EXERCISE PROMPT:
Within the lines below, the span from the line with "Beautiful Shades of" to the line with "3D illustration 87580987", both ends included, is to be reproduced exactly, with pictures omitted.
(MATERIAL FOR THIS EXERCISE)
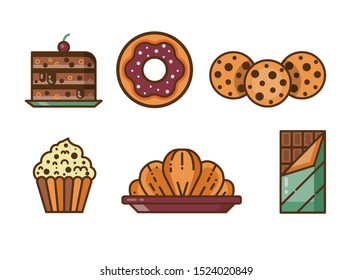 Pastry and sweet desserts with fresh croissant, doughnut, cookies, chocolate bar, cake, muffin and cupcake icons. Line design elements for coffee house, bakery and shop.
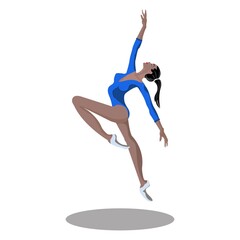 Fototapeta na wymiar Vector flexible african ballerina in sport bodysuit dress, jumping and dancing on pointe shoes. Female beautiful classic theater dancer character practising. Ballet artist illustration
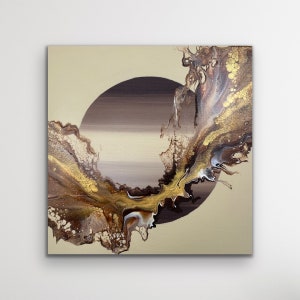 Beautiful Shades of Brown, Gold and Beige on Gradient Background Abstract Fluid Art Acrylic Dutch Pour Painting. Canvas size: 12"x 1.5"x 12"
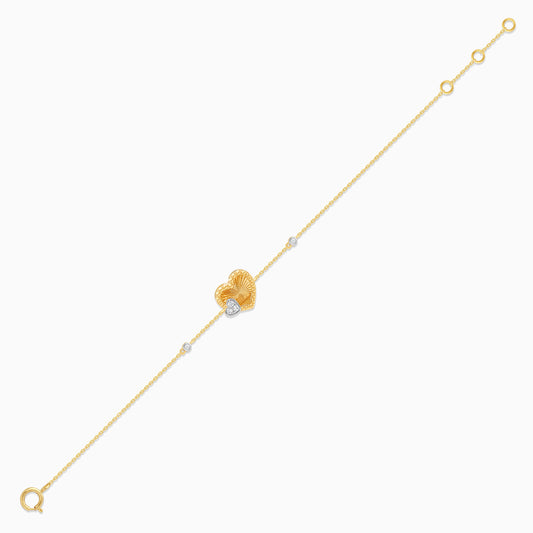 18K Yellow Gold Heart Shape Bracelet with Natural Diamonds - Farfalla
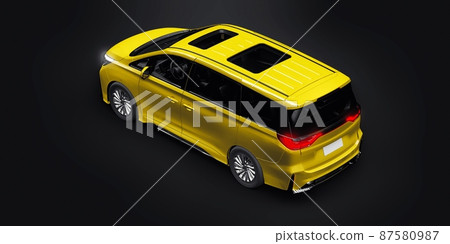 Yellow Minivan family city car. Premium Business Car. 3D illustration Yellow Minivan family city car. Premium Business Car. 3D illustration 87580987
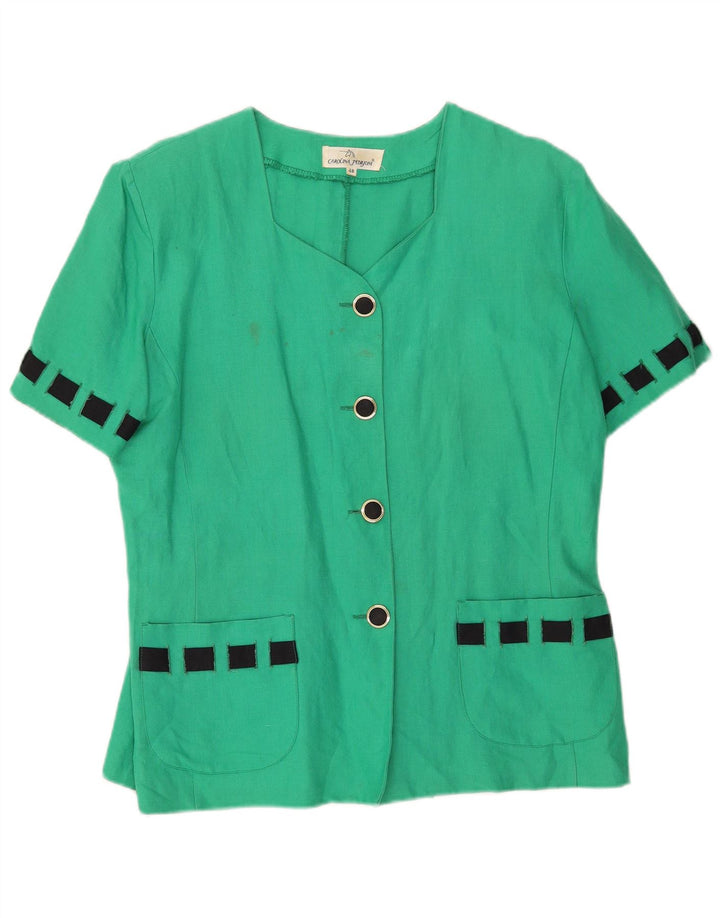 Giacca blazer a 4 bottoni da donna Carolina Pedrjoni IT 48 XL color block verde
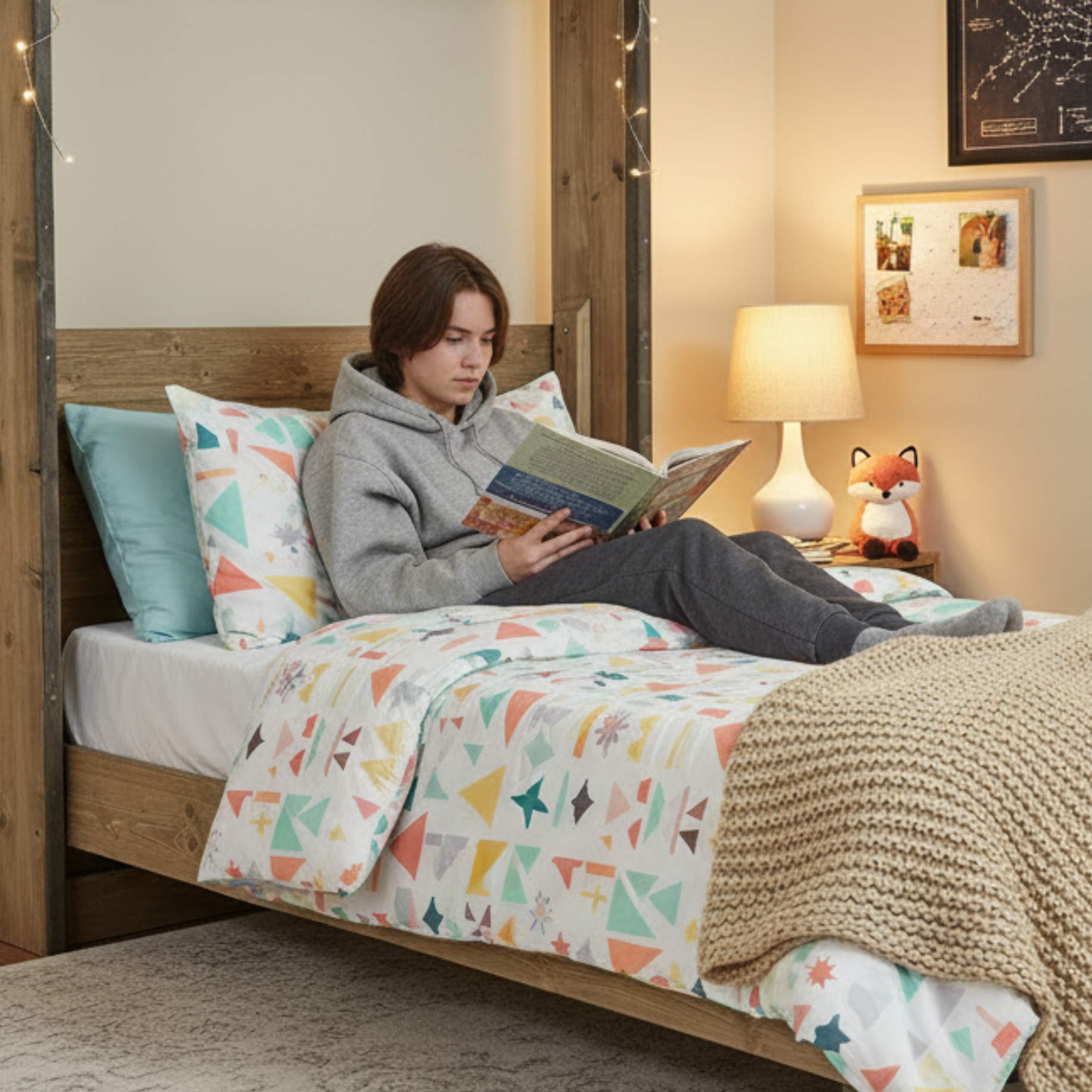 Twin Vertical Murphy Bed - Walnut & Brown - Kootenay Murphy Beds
(End MATERIAL FOR THIS EXERCISE)
PROBLEM SOLUTION:
 Beautiful Shades of Brown, Gold and Beige on Gradient Background Abstract Fluid Art Acrylic Dutch Pour Painting. Canvas size: 12"x 1.5"x 12"
 18K Yellow Gold Heart Shape Bracelet with Natural Diamonds - Farfalla
 Yellow Minivan family city car. Premium Business Car. 3D illustration Yellow Minivan family city car. Premium Business Car. 3D illustration 87580987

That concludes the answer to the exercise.